Abstract
Stray cats trapped in various areas of Basseterre, the capital of St Kitts in the West Indies, were tested for infection with feline immunodeficiency virus (FIV) and feline leukemia virus (FeLV) using commercial kits. Of 99 (51 male and 48 female) cats trapped in 2006/7, 15% (12 males and three females) were positive for FIV while none were positive for FeLV. Of 72 (41 males and 31 females) cats trapped in 2009, 14% (nine males and one female) were positive for FIV while none were positive for FeLV. Polymerase chain reaction analysis revealed DNA of Bartonella species in whole blood collected from 60/95 (63%) cats trapped in 2006/7. Sequencing of the 16S–23S rRNA gene intergenic transcribed spacer (ITS) region of a convenience sample of nine amplicons and the 11 isolates made from 43 blood samples which were cultured using Bartonella alpha Proteobacteria (BAPGM) enrichment medium revealed B henselae (14) and B clarridgeiae (six).
A recent survey has shown that stray cats (unowned animals that inhabit urban areas) are common on the Caribbean island of St Kitts. 1 Although cats are generally liked by local people, principally because they remove vermin, stray cats pose problems relating to animal welfare, damage to various wildlife populations and intrusion on natural ecosystems. They may also serve as reservoirs of important infectious agents for domesticated pet cats, such as feline immunodeficiency virus (FIV) and feline leukemia virus (FeLV). These retroviruses occur widely and are important causes of morbidity and mortality in cats. 2 Although commercial vaccines are available, they are expensive, require repeated administration and do not induce protection in all vaccinates. 2 If cats do become infected and develop clinical signs, treatment regimes have been described, but these are expensive and time consuming, can have severe side-effects, and may only slow the progression of the disease. 2
Stray cats can also threaten public health as they may carry a variety of zoonotic diseases.

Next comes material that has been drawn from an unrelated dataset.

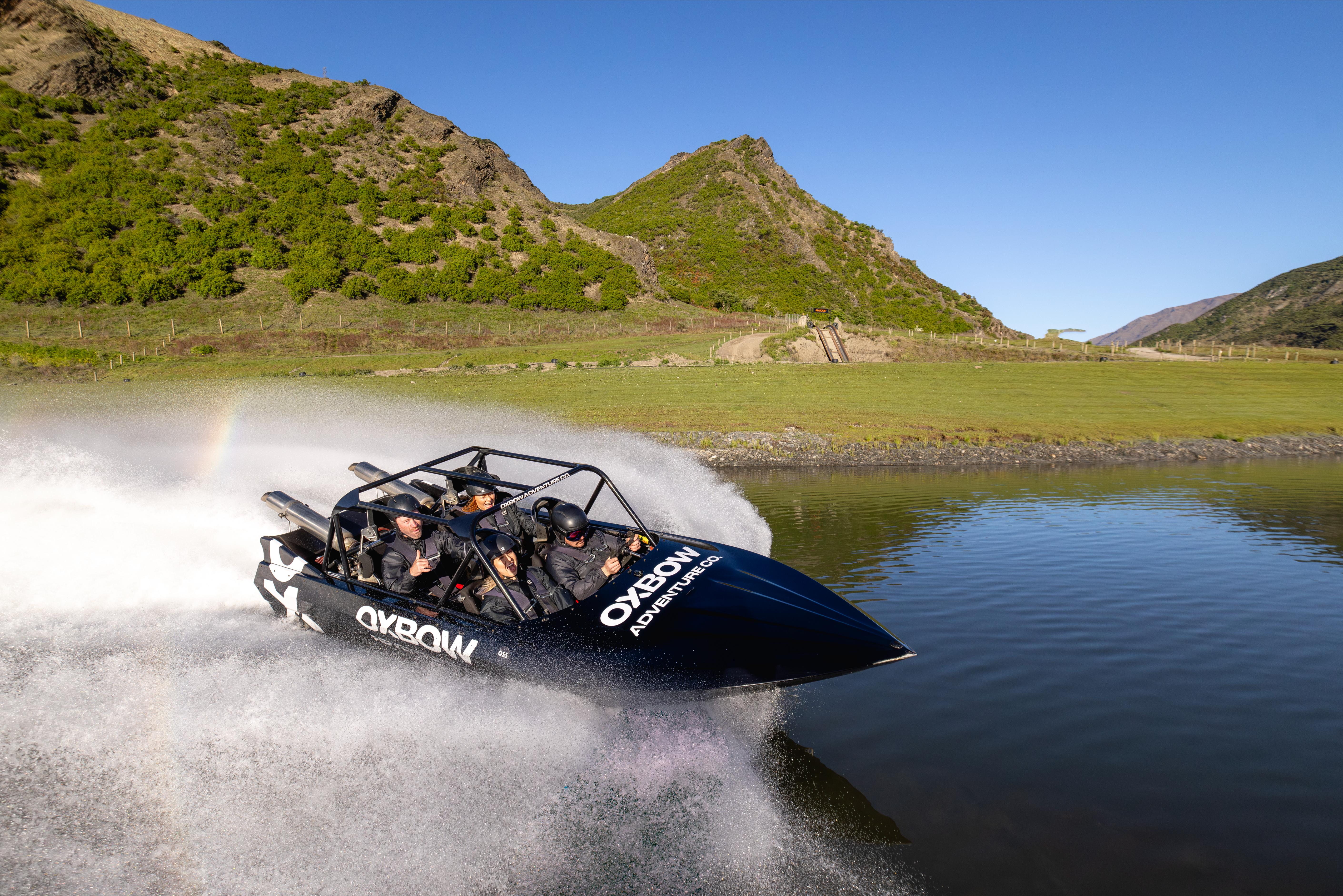 Jet Sprint Boating & Ultimate Off-Roading in Queenstown - Photo 1 of 10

Stray cats on St Kitts are commonly infected with Toxoplasma gondii 3 but there is no data on other important agents, in particular Bartonella henselae which is a very common vector borne zoonosis. 4 While Bartonella species infections in cats are mostly asymptomatic, some animals might show clinical signs 4 and, in people, infections can result in a variety of clinical conditions including cat scratch disease, bacillary angiomatosis–peliosis, endocarditis, bacteremia and, potentially, chronic arthralgia and neurological and neurocognitive diseases. 5–7
To determine if stray cats on St Kitts are infected with FIV, FeLV and Bartonella species, we tested stray cats captured during two neutering programs carried out between 2006/7 and 2009. Our results are reported below.
Materials and methods
As part of a stray cat neutering program operated by Ross University Veterinary School Community Practice (RUSVMCP) in 2006/7 and 2009, cats were trapped in ‘Easy Set Racoon Traps’ (Havahart, Lititz, PA, USA) and delivered to a private veterinary clinic in Basseterre or the RUSVMCP where they were anesthetized with ketamine (20–25 mg/kg) and xylazine (0.5 mg/kg) given intramuscularly. Whole blood was collected aseptically in EDTA and tested for antibodies to FIV (p15 and p24) and antigens of FeLV (p27group-specific) with a commercial kit (Snap Combo FeLV Ag/FIV Antibody Test, Idexx Laboratories Westbrook, ME, USA).
After freezing at −20°C for up to 9 months, whole blood was thawed at room temperature for processing in the Intracellular Pathogens Research Laboratory at North Carolina State University. DNA for polymerase chain reaction (PCR) amplification was extracted using the QIAamp DNA Mini Kit (Qiagen, Valencia, CA). Also, 43 blood samples with an adequate sample volume of 1–2 ml, were inoculated into 10 ml of Bartonella alpha Proteobacteria (BAPGM) liquid enrichment growth medium as previously described. 8,9 BAPGM is a novel, chemically-modified, insect-cell culture based liquid medium that supports the growth of at least seven Bartonella species. 8 Following incubation for 7 days, subcultures were established by sub-inoculation from the liquid medium onto an agar plate and DNA extracted from isolates as described above.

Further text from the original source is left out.